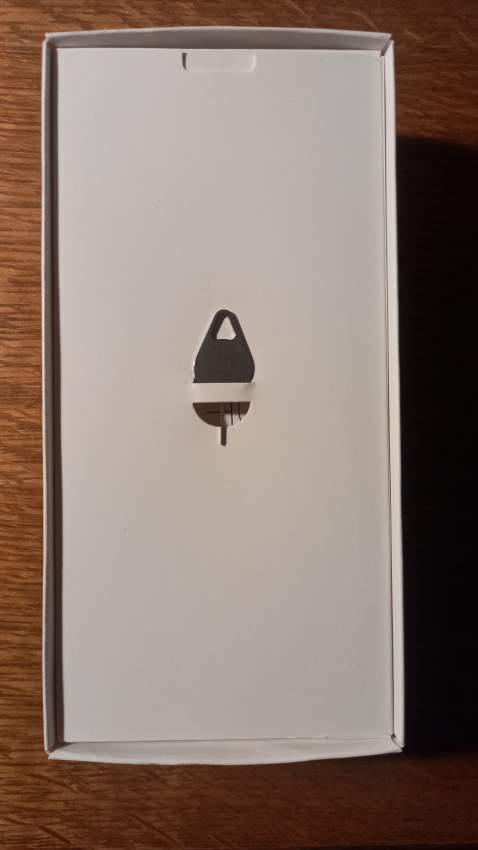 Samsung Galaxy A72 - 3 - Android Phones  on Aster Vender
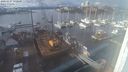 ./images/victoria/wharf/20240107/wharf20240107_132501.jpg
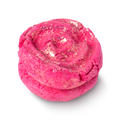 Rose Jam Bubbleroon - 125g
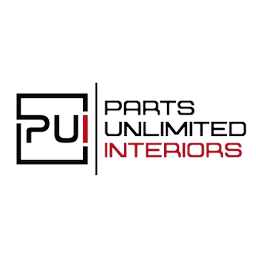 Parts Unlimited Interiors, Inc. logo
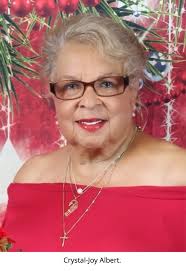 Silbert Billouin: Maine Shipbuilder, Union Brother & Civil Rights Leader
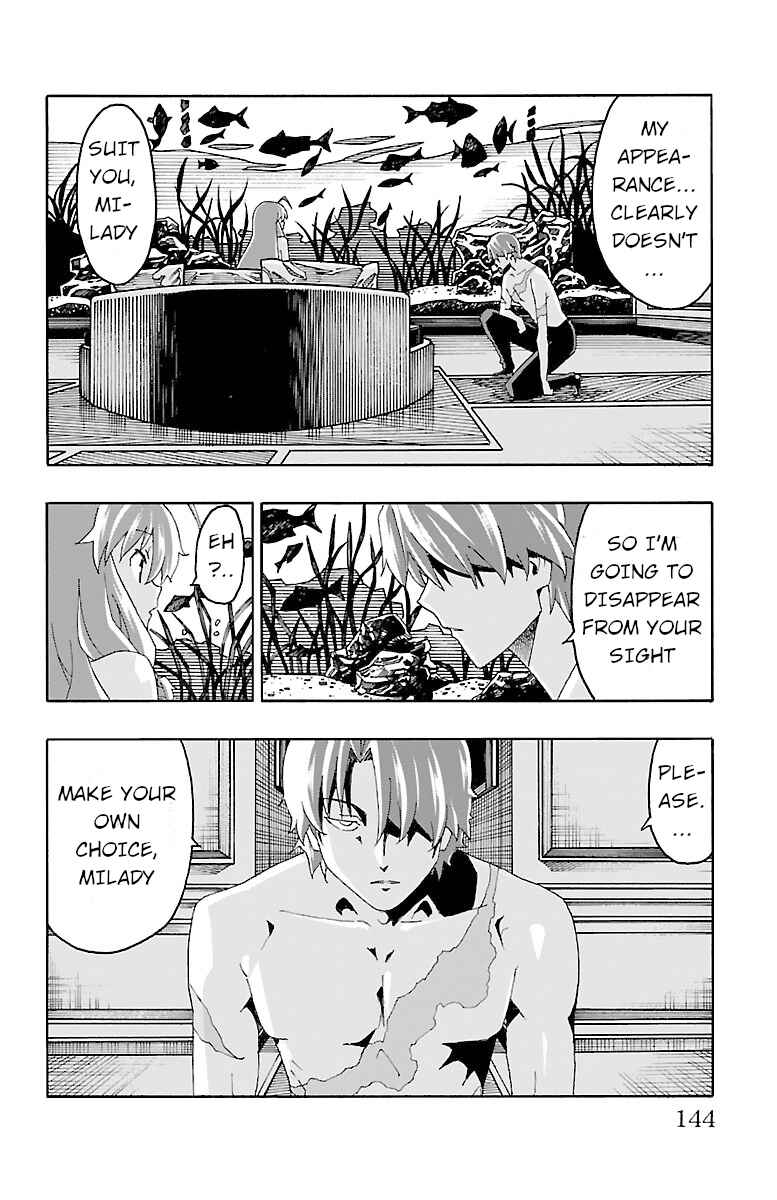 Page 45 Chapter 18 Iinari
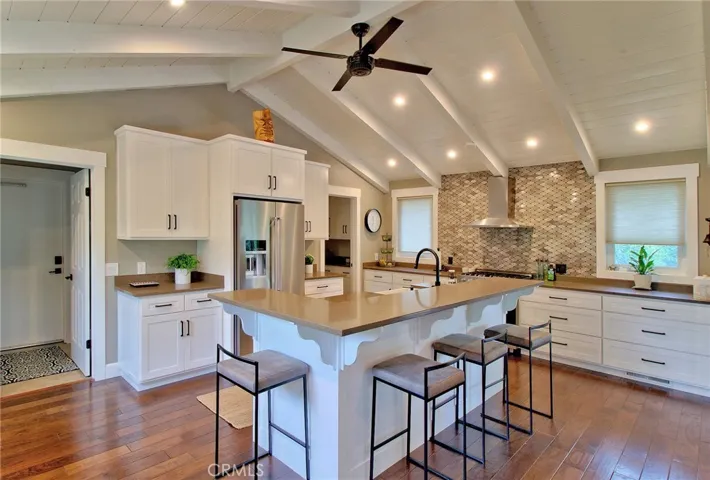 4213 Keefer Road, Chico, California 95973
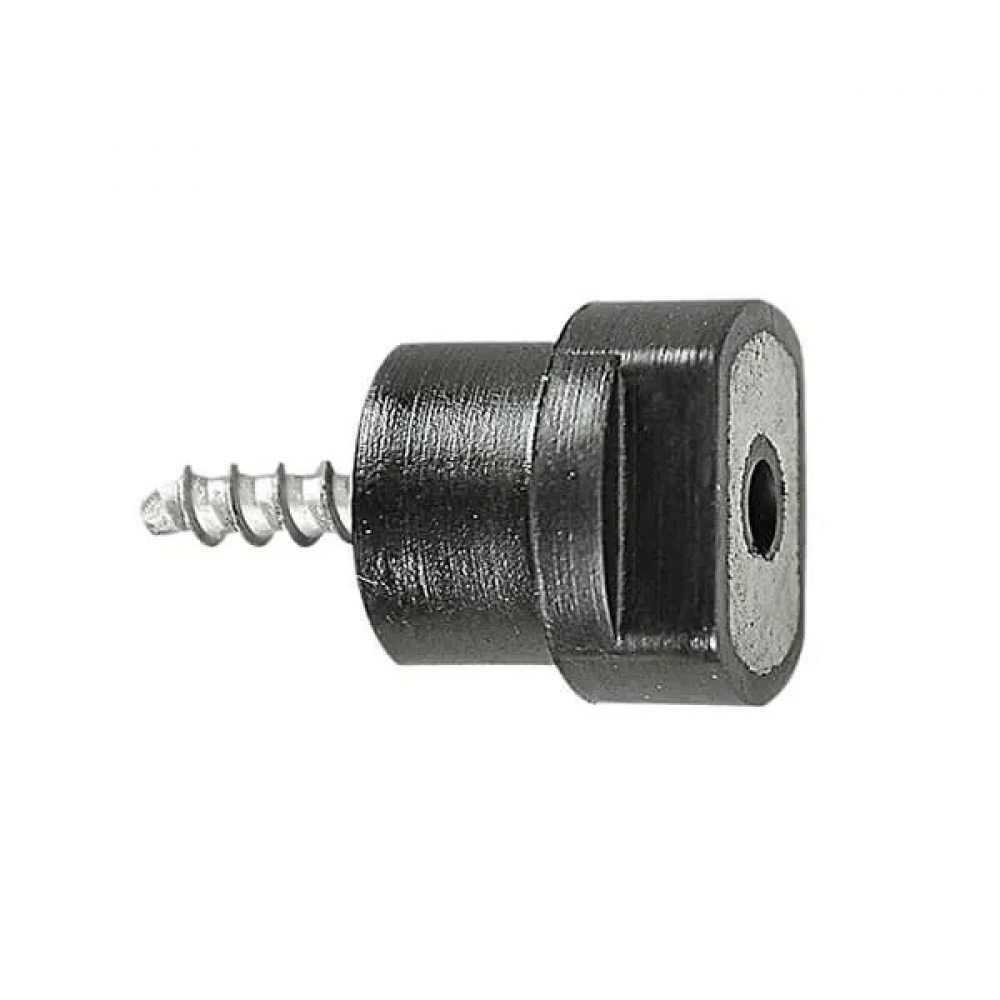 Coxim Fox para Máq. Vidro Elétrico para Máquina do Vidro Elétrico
============
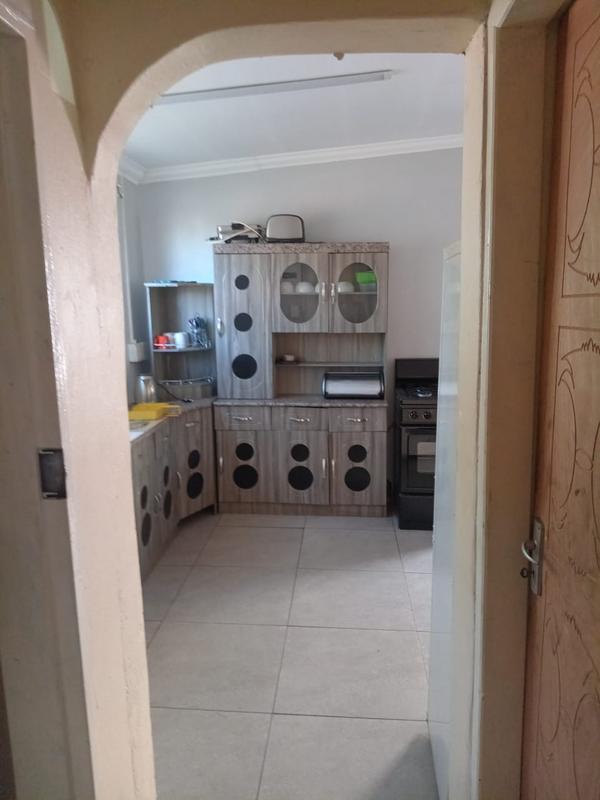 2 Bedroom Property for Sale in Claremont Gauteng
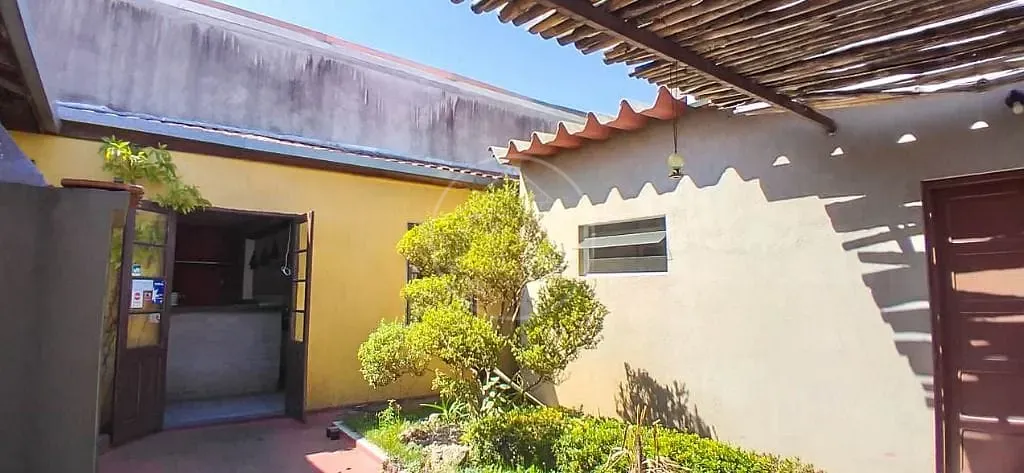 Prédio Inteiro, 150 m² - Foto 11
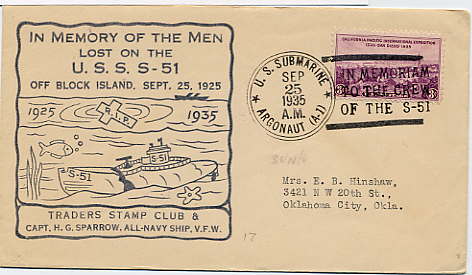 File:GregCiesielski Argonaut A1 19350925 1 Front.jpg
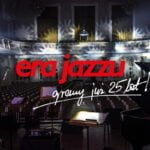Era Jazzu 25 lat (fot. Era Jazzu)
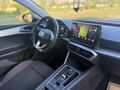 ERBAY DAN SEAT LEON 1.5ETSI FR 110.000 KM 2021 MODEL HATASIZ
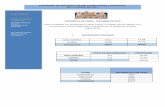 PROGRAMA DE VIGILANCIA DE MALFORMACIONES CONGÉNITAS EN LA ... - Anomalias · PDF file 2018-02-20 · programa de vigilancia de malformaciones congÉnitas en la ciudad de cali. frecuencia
============
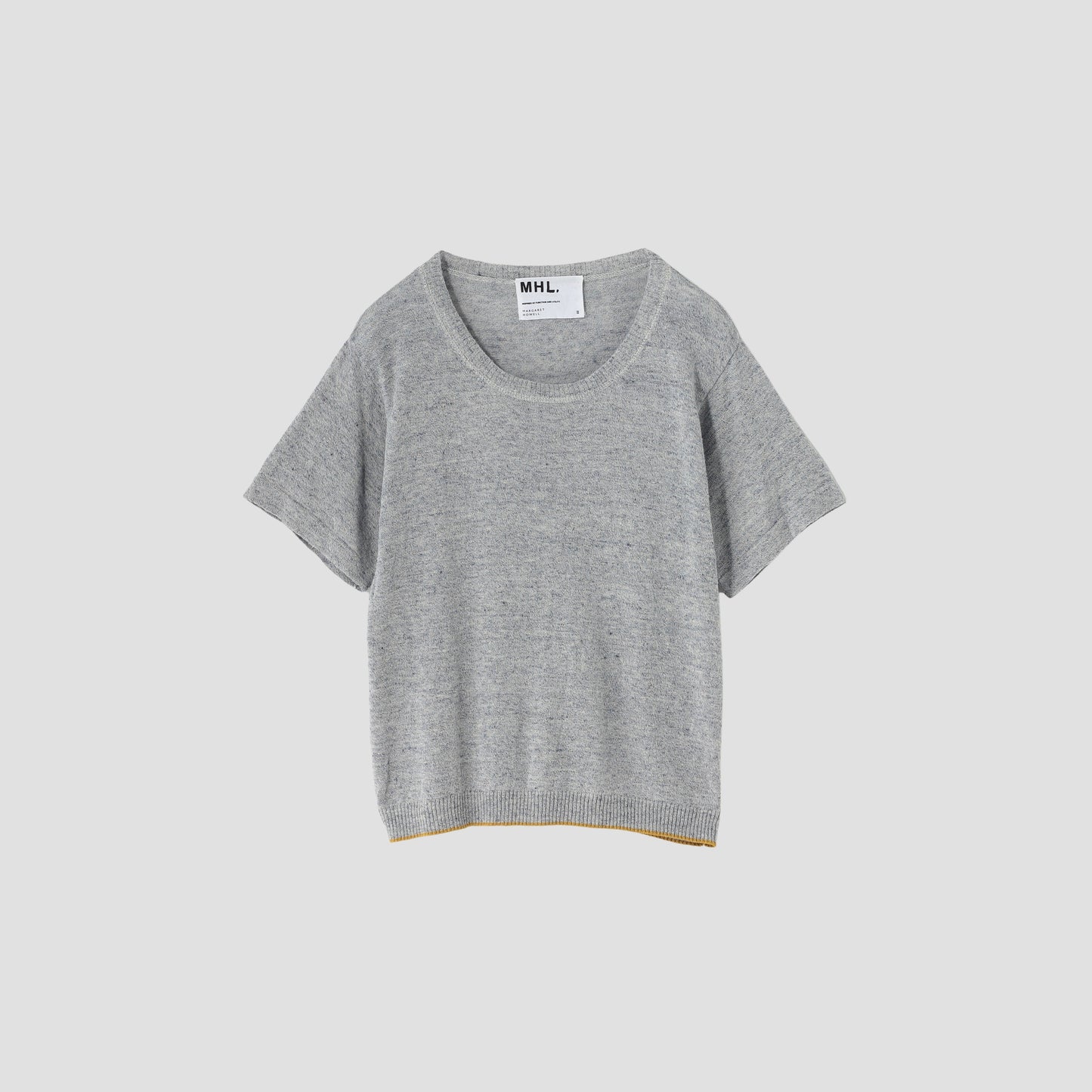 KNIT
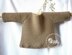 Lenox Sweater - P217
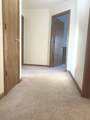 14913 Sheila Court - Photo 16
============
» Task statement
Lines from the one above containing "Rose Jam Bubbleroon - 125g" down to the one containing "Coxim Fox para" should be transcribed exactly, with both ends kept and no pictures.

» Task solution
 Rose Jam Bubbleroon - 125g
 Parts Unlimited Interiors, Inc. logo
 Silbert Billouin: Maine Shipbuilder, Union Brother & Civil Rights Leader
 Page 45 Chapter 18 Iinari
 4213 Keefer Road, Chico, California 95973
 Coxim Fox para Máq. Vidro Elétrico para Máquina do Vidro Elétrico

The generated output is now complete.